▸ **Source material**
________________________

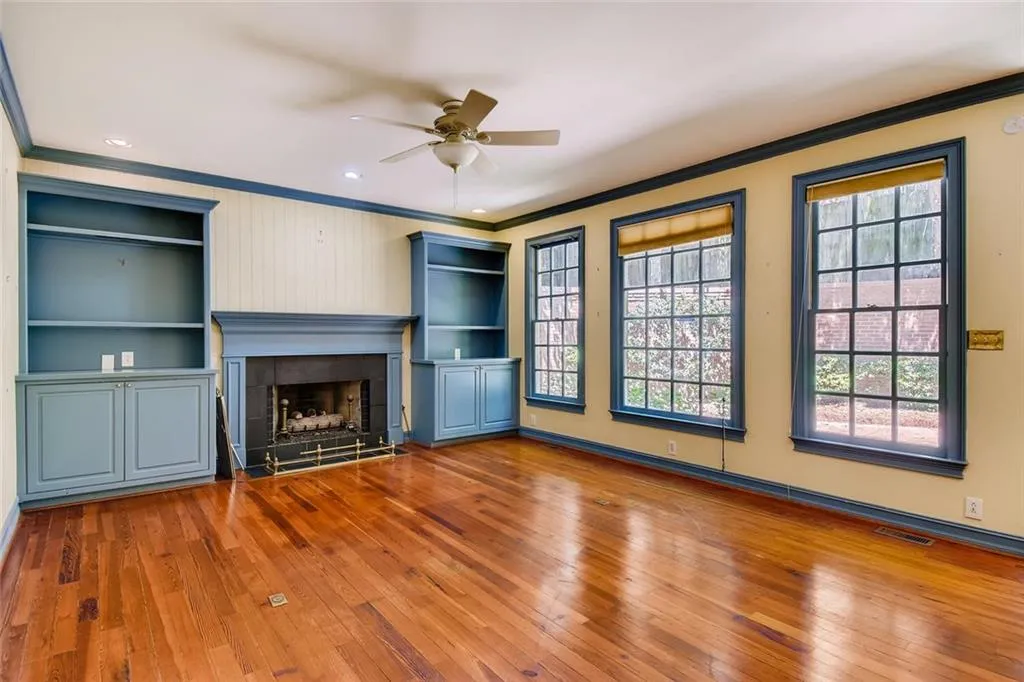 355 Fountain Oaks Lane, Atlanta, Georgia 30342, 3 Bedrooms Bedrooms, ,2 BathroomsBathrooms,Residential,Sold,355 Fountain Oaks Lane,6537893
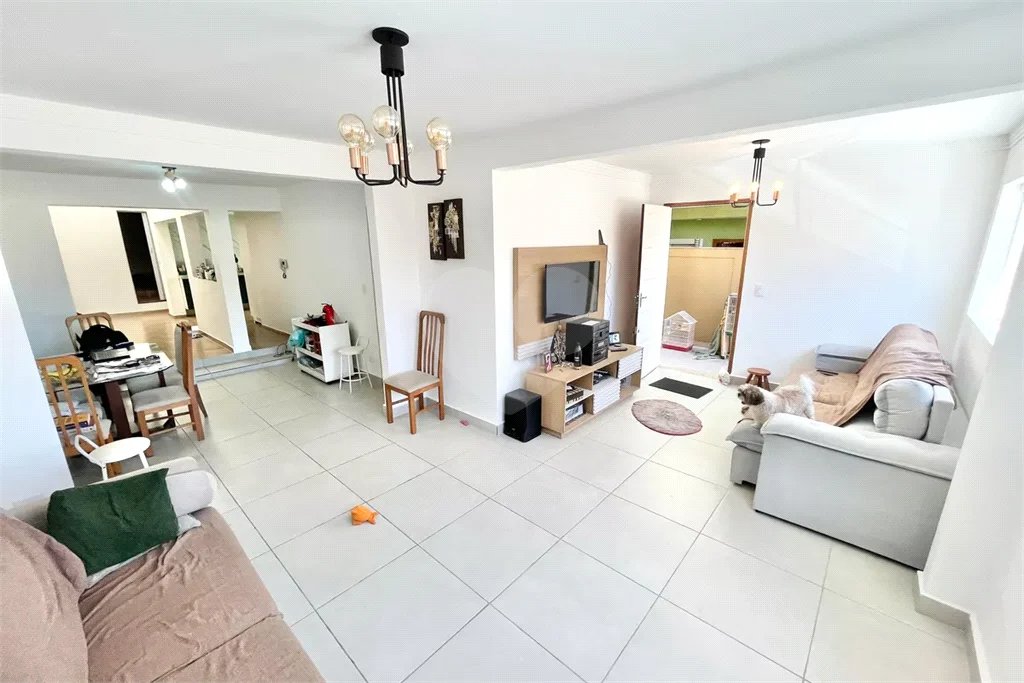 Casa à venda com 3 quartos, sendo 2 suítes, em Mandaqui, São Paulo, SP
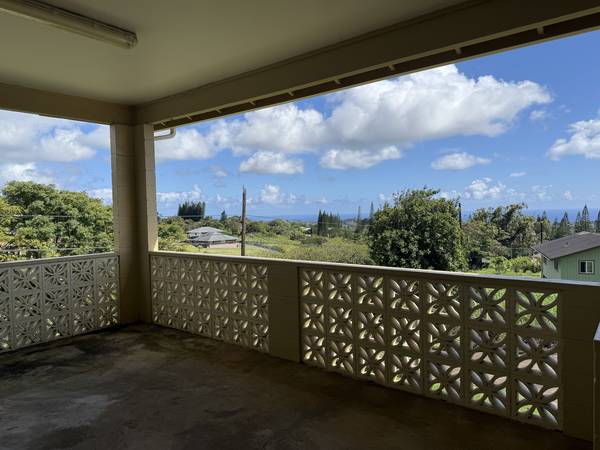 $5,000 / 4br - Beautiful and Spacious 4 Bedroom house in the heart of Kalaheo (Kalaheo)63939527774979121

________________________

Your answer should hold only the lines from the one with "Casa à venda" through the final line of the listing above, transcribed exactly and without pictures.

▸ **Answer box**
 Casa à venda com 3 quartos, sendo 2 suítes, em Mandaqui, São Paulo, SP
 $5,000 / 4br - Beautiful and Spacious 4 Bedroom house in the heart of Kalaheo (Kalaheo)63939527774979121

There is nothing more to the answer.